● **EXERCISE REQUIREMENTS**: Return the data below unchanged. Drop any pictures.

^^^^

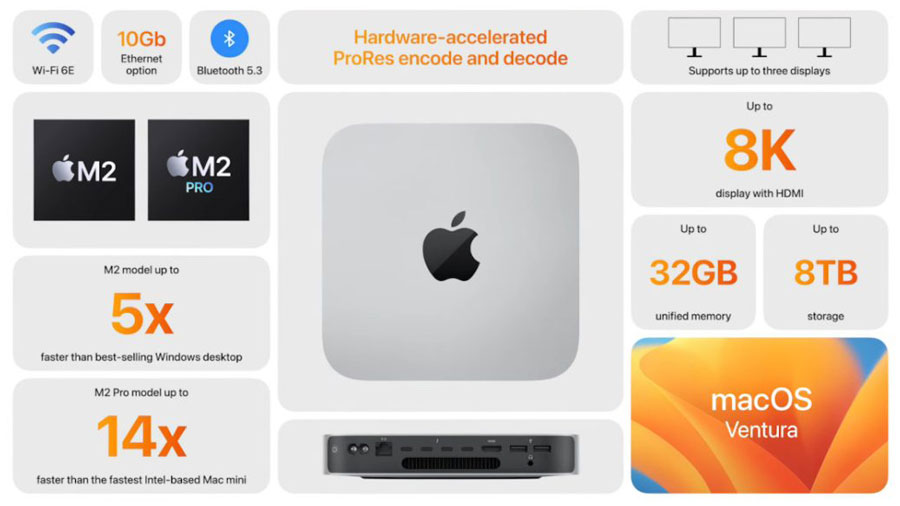 애플-맥미니-맥스튜디오-Mac-mini-M2-and-M2-Pro-features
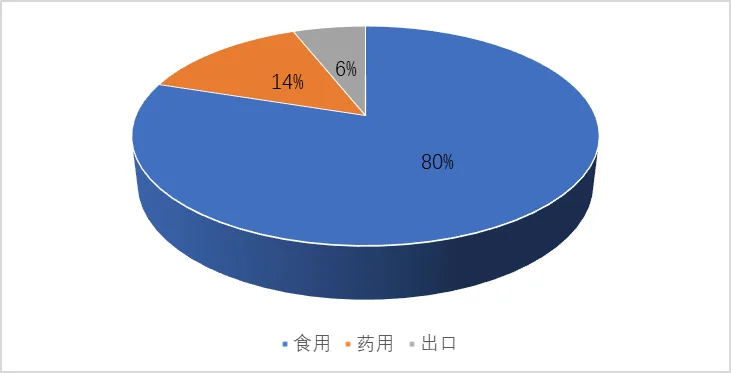 前线战报—市场分析报告新鲜出炉！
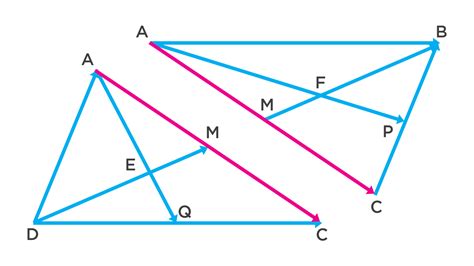 ABCD es un paralelogramo con P y Q como puntos medios ...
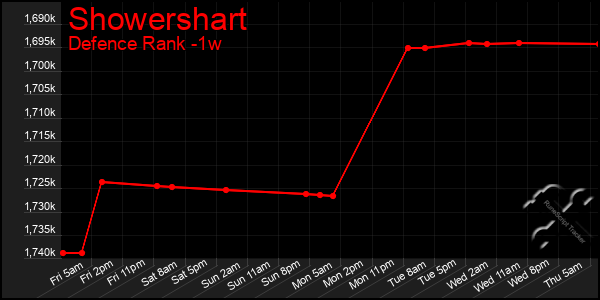 Last 7 Days Graph of Showershart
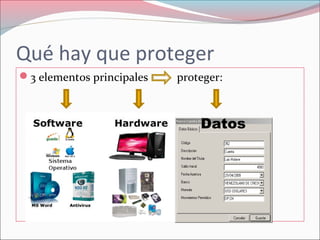 Qué hay que proteger
3 elementos principales proteger:
Datos
 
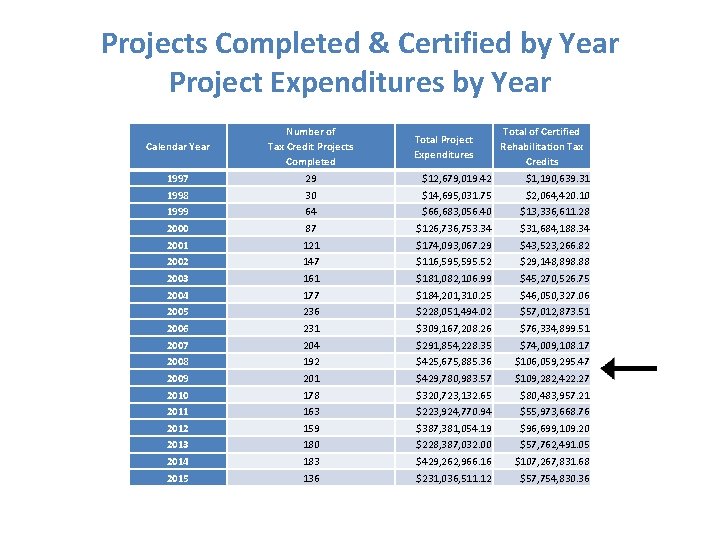 Projects Completed & Certified by Year Project Expenditures by Year Calendar Year Number of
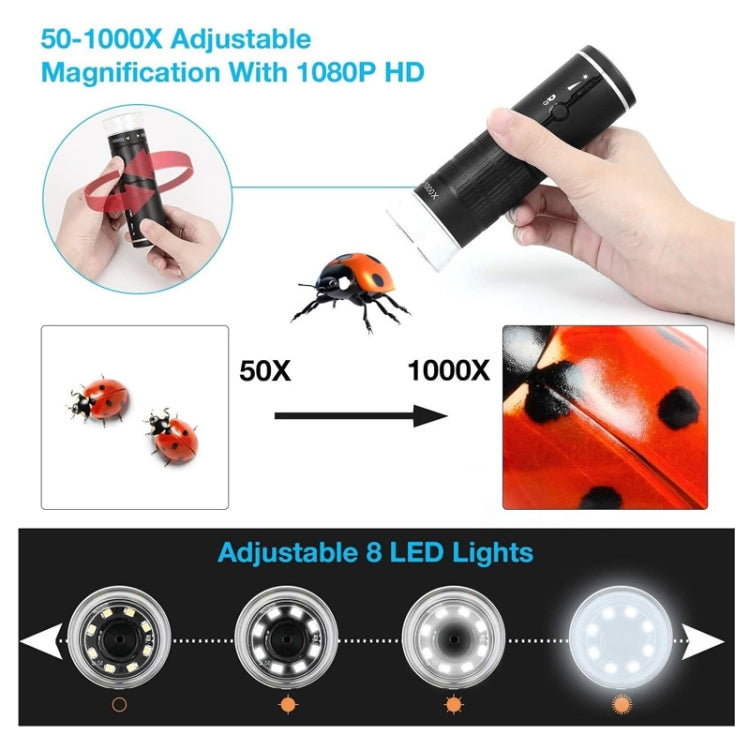1000x HD WiFi Digital Electron Microscope(Snake Tube Type)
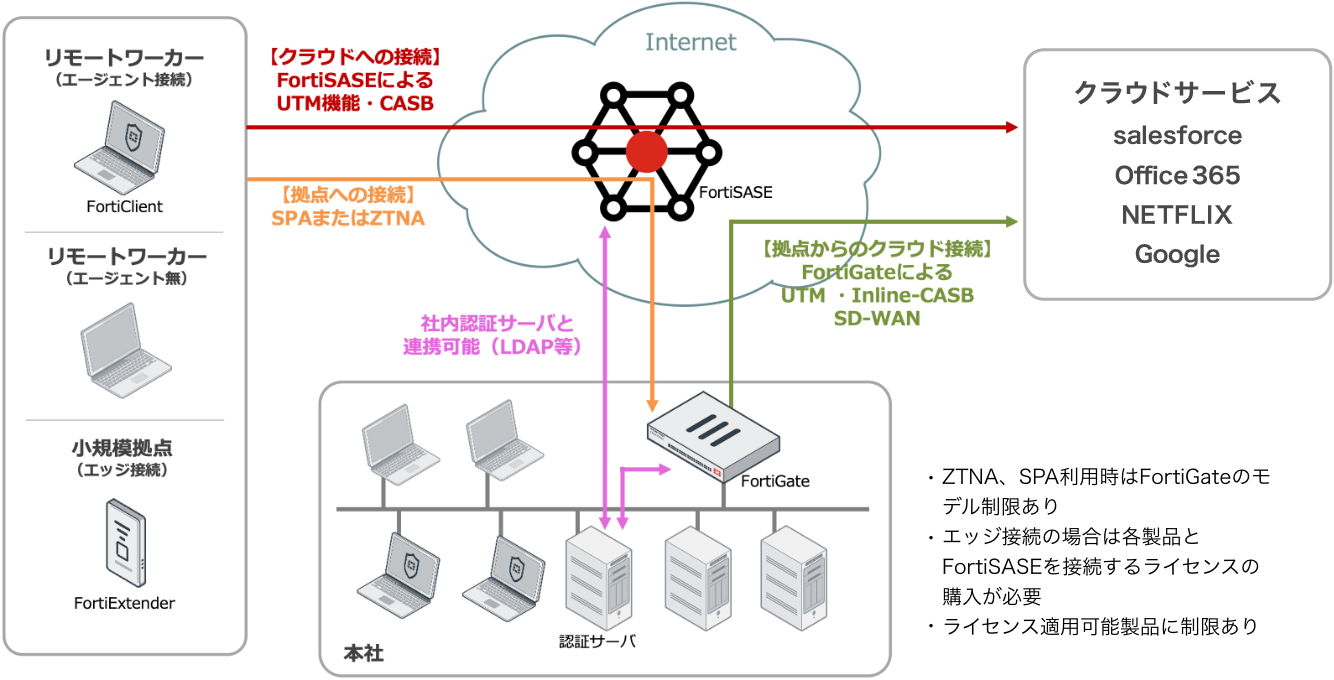 ZTNA、SPA利用時はFortiGateのモデル制限あり／エッジ接続の場合は各製品とFortiSASEを接続するライセンスの購入が必要／ライセンス適用可能製品に制限あり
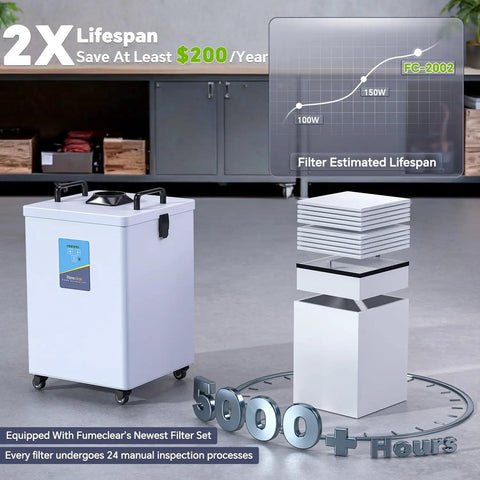 Industrial Laser Fume Extractor With H13 HEPA Filtration Designed For Active Soldering Workspaces Offers Legit Heavy Duty Suction To Easily Haul Away Exhaust Gases And Maintain Pristine Air Flow Daily in white color with filters.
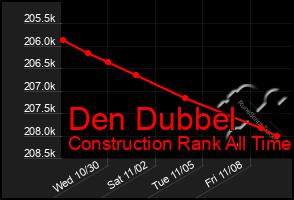 Total Graph of Den Dubbel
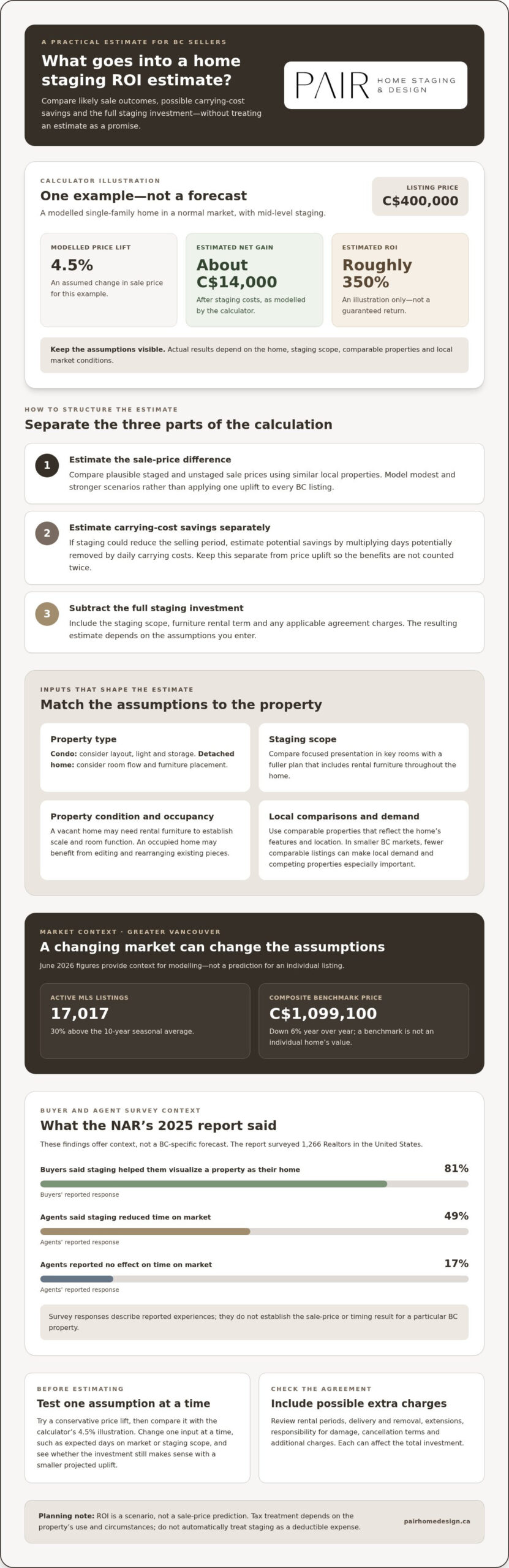 Home staging ROI in BC: estimate investment and value uplift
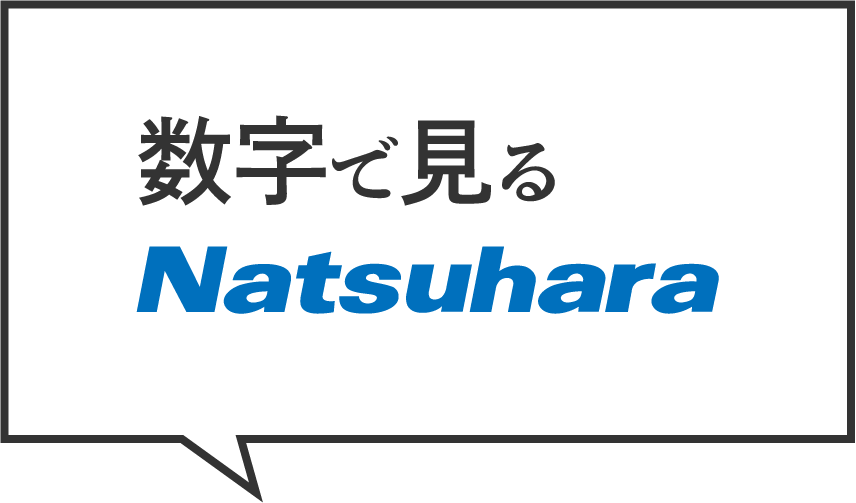 数字でみるNatsuhara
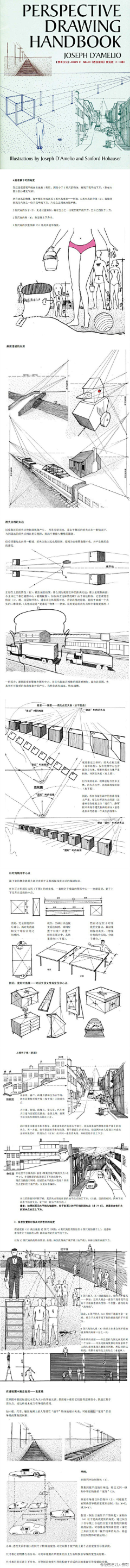 晓冬119采集到教程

^^^^

● **ANSWER FOR THIS EXERCISE**:
 애플-맥미니-맥스튜디오-Mac-mini-M2-and-M2-Pro-features
 前线战报—市场分析报告新鲜出炉！
 ABCD es un paralelogramo con P y Q como puntos medios ...
 Last 7 Days Graph of Showershart
 Qué hay que proteger
3 elementos principales proteger:
Datos
 
 Projects Completed & Certified by Year Project Expenditures by Year Calendar Year Number of
1000x HD WiFi Digital Electron Microscope(Snake Tube Type)
 ZTNA、SPA利用時はFortiGateのモデル制限あり／エッジ接続の場合は各製品とFortiSASEを接続するライセンスの購入が必要／ライセンス適用可能製品に制限あり
 Industrial Laser Fume Extractor With H13 HEPA Filtration Designed For Active Soldering Workspaces Offers Legit Heavy Duty Suction To Easily Haul Away Exhaust Gases And Maintain Pristine Air Flow Daily in white color with filters.
 Total Graph of Den Dubbel
 Home staging ROI in BC: estimate investment and value uplift
 数字でみるNatsuhara
 晓冬119采集到教程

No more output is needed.